On entre dans le roman de Thomas Vinau en poussant une porte qui grince
et s’ouvre sur l’intérieur silencieux d’une maison inhabitée depuis
plusieurs années. L’endroit est assez sain et agréable pour qu’un jeune
couple décide de s’y installer. À eux de rénover la demeure et la
cabane attenante, d’y trouver leurs marques et de s’y poser. La démarche
s’avère un peu plus délicate, et en même temps, on le comprend très
vite, nécessaire, vitale, pour le narrateur qui ne retrouve pas ici un
lieu d’habitation ordinaire. C’est dans ces murs, et surtout au dehors,
dans les herbes folles, au milieu des vignes, à proximité de la rivière,
qu’il a passé son enfance et engrangé des souvenirs heureux jusque ce
que la mort brutale de son père ne vienne rompre l’équilibre, donnant
libre cours à l’angoisse et à ses crises répétées.
« Il aimait la pêche. Le foot. Il aimait réparer les transistors.
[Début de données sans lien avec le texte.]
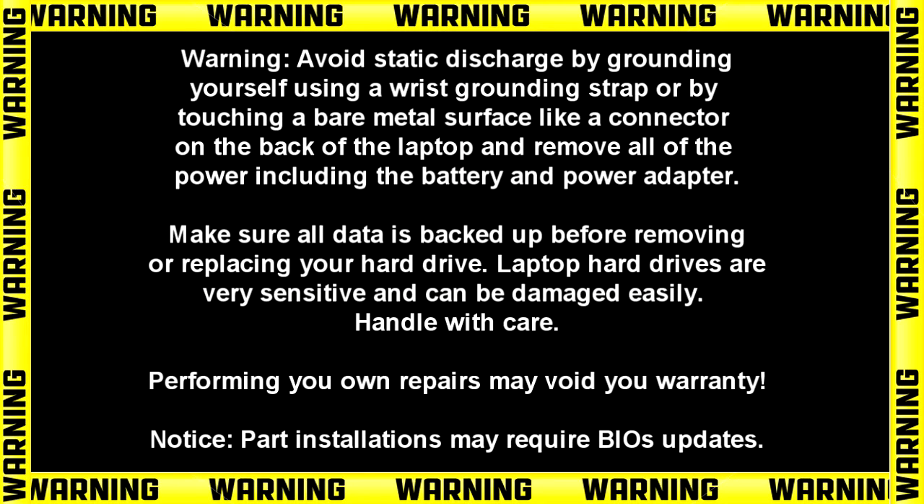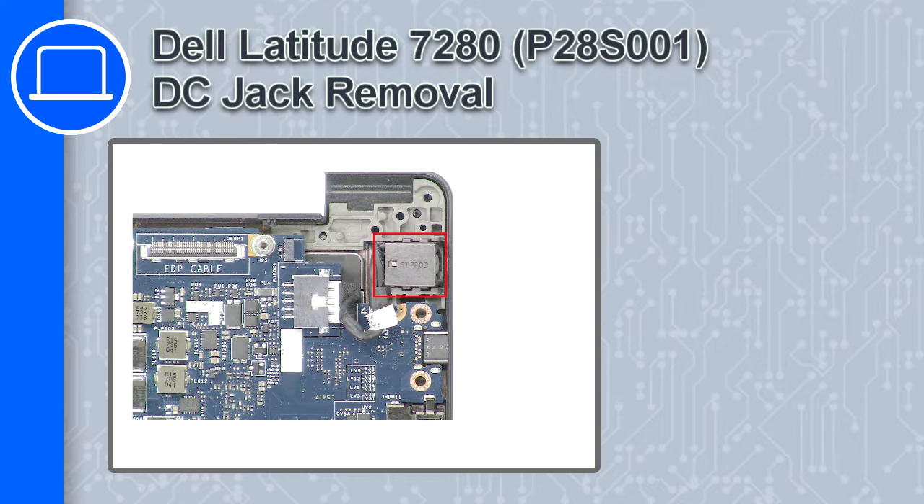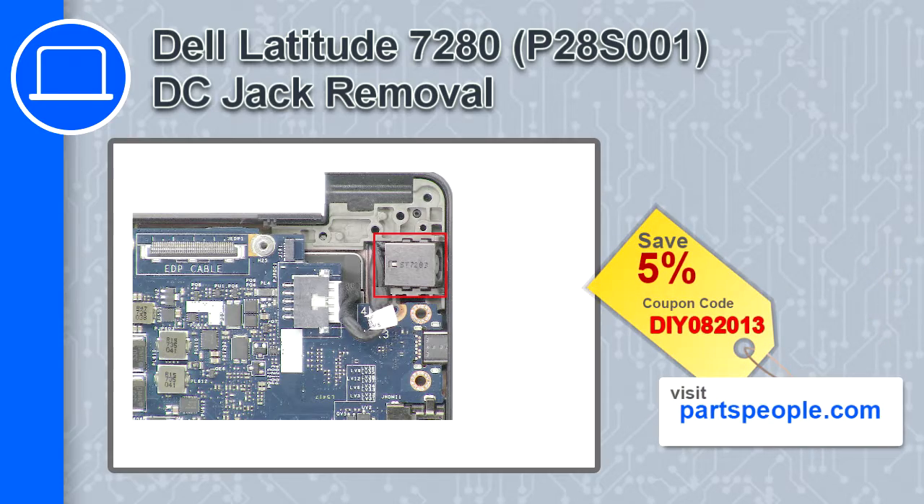How's it going, this is Ricardo and in this video I'll show you how to remove the DC jack from a Dell Latitude 7280. If you're looking for parts for this laptop, go to our website and use this coupon for a 5% off discount.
C’est ce que ma mère m’a raconté au téléphone quand je l’ai appelé après
mes crises. J’avais besoin d’en savoir plus. D’en savoir un peu. De
pouvoir l’imaginer. C’est la moindre des choses que de pouvoir imaginer
son père. À défaut de le connaître. »
C’est en se réappropriant la part la plus sensible de son histoire
qu’il crée, avec patience et lenteur, un présent où l’on perçoit, à
chaque instant, une harmonie entre lui et celle qui partage ce
quotidien où le travail physique permet au corps d’éprouver, chaque
soir, une fatigue salvatrice. Cela n’empêche pas la peur de rôder.
« Je me méfie. J’ai toujours peur que ça ne dure pas. Dès qu’il y a
un moment de bonheur, de paix, je me répète que ça ne durera pas. Que le
temps est un menteur. Qu’avoir quelque chose c’est commencer à le
perdre. C’est comme cela que je fonctionne. C’est ce que la vie m’a
appris. »
Ce fatalisme latent n’entrave pas sa volonté de vivre chaque instant
avec intensité. C’est sa façon de maintenir la fragilité à distance.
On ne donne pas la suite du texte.